Technologietransfer in die Praxis: Mobilitäts­forschung in Reallaboren

Damit Forschungsergebnisse über Verkehr und Mobilität schneller in die Anwendung kommen, fordern die Grünen spezielle Experimentierräume.

Straßenverkehr in der Großstadt

Der zunehmende Autoverkehr erfordert schnell neue Mobilitätskonzepte Foto: dpa

BERLIN taz | Zu neuen Verkehrstechnologien wird viel geforscht in Deutschland, ob digital gesteuerte Roboterautos oder umweltfreundliche Antriebstechnologien. Unterentwickelt sind aus Sicht der grünen Bundestagsfraktion dagegen wissenschaftliche Ansätze, die innovative Mobilitätslösungen schnell in die Anwendung bringen.

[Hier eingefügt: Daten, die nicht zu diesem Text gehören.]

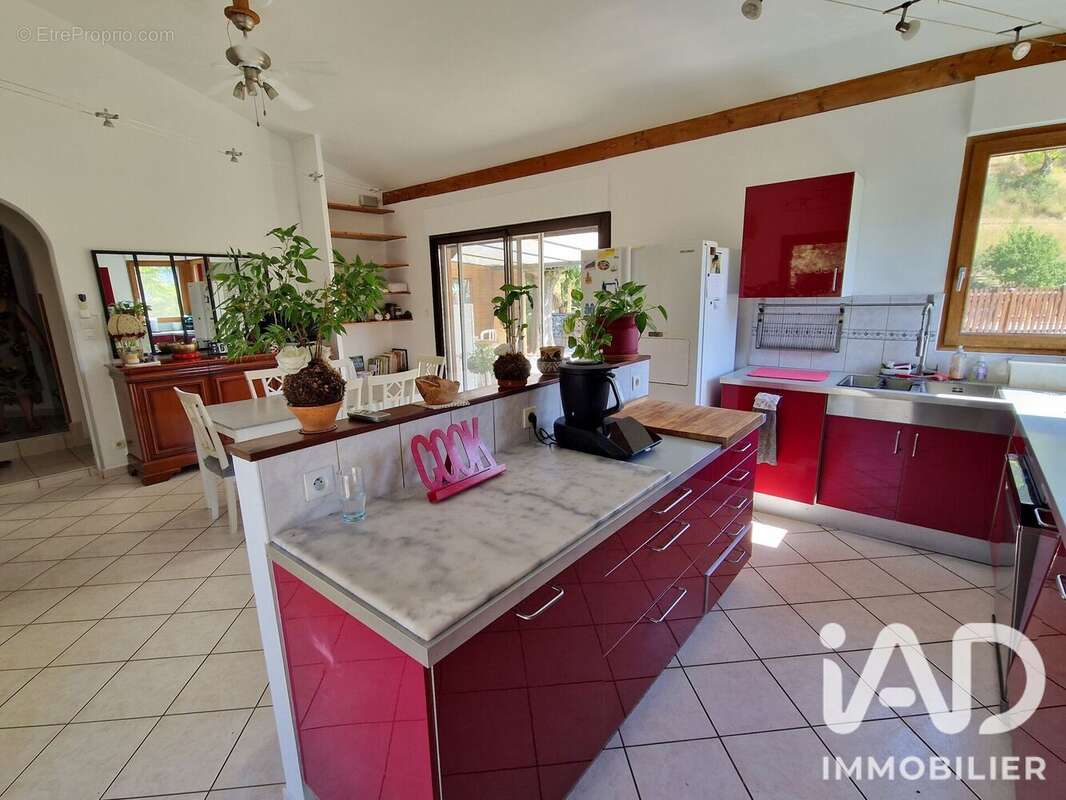 Maison 178 m² à Flaviac  - photo 5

Daher hat die Oppositionsfraktion einen Antrag mit dem Titel „Mobilitätsforschung neu denken“ in die Bundestagsdebatte eingebracht. Ziel ist es, „Experimentierräume für Stadt und Land“ zu schaffen, in denen zusammen mit der Bevölkerung ein ökologisch und sozial verträglicher Verkehr praktisch erprobt werden kann.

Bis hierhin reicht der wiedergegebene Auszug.